WHAT YOU SHOULD DO | Return only the lines below starting at the line containing "Butterfly pink sleeper" and ending at the line containing "Cancello per recinzione", both included, exactly as they are and with no pictures.

DATA RECORDS |
_ _ _

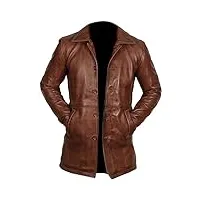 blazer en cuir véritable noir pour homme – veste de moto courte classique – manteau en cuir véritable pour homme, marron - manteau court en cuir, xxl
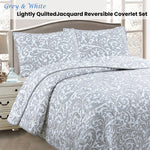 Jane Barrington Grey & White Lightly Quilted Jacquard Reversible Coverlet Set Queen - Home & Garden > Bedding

_ _ _

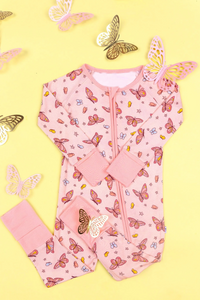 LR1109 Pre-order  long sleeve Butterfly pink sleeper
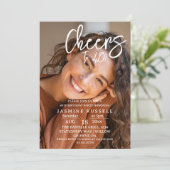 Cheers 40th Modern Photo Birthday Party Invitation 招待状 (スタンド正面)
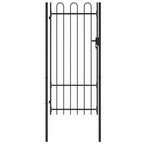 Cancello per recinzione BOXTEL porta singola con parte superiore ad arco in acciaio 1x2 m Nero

_ _ _

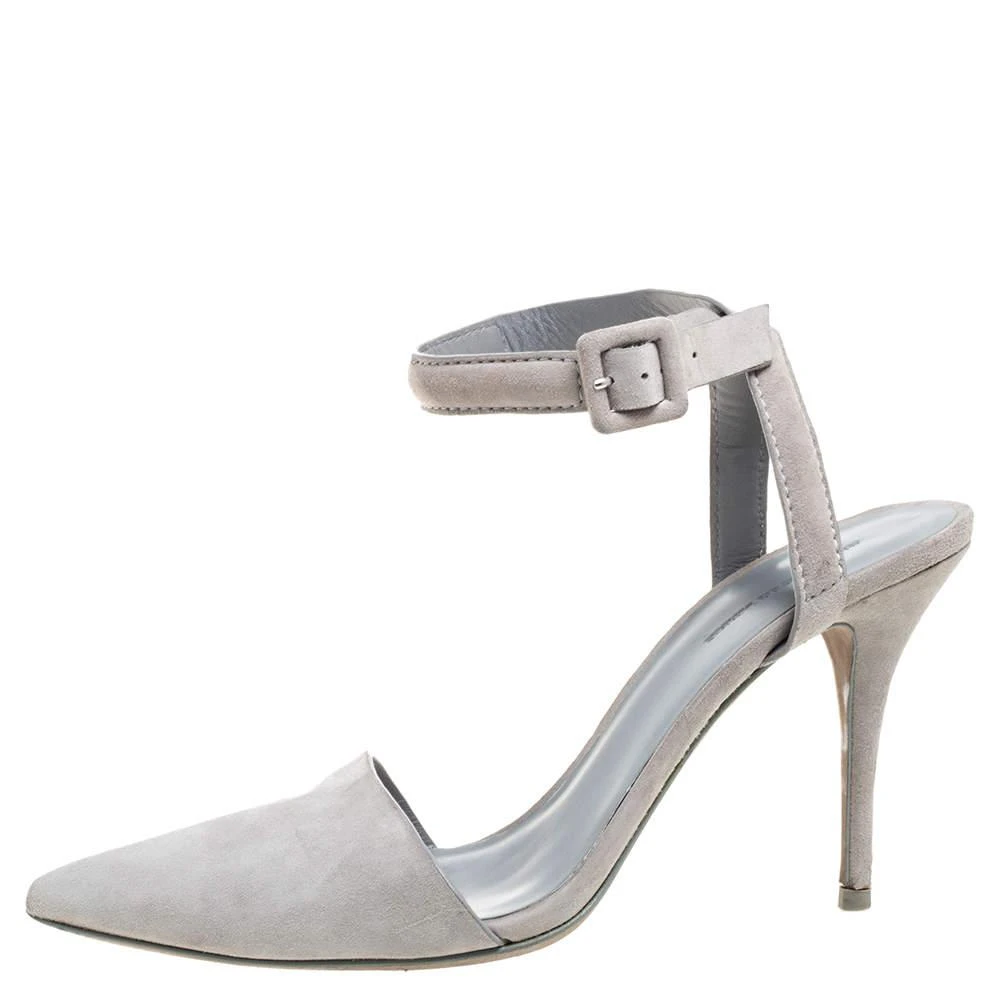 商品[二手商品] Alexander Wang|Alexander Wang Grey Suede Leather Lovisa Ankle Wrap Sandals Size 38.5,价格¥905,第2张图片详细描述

_ _ _

ANSWER TO THIS PROBLEM |
 LR1109 Pre-order  long sleeve Butterfly pink sleeper
 Cheers 40th Modern Photo Birthday Party Invitation 招待状 (スタンド正面)
 Cancello per recinzione BOXTEL porta singola con parte superiore ad arco in acciaio 1x2 m Nero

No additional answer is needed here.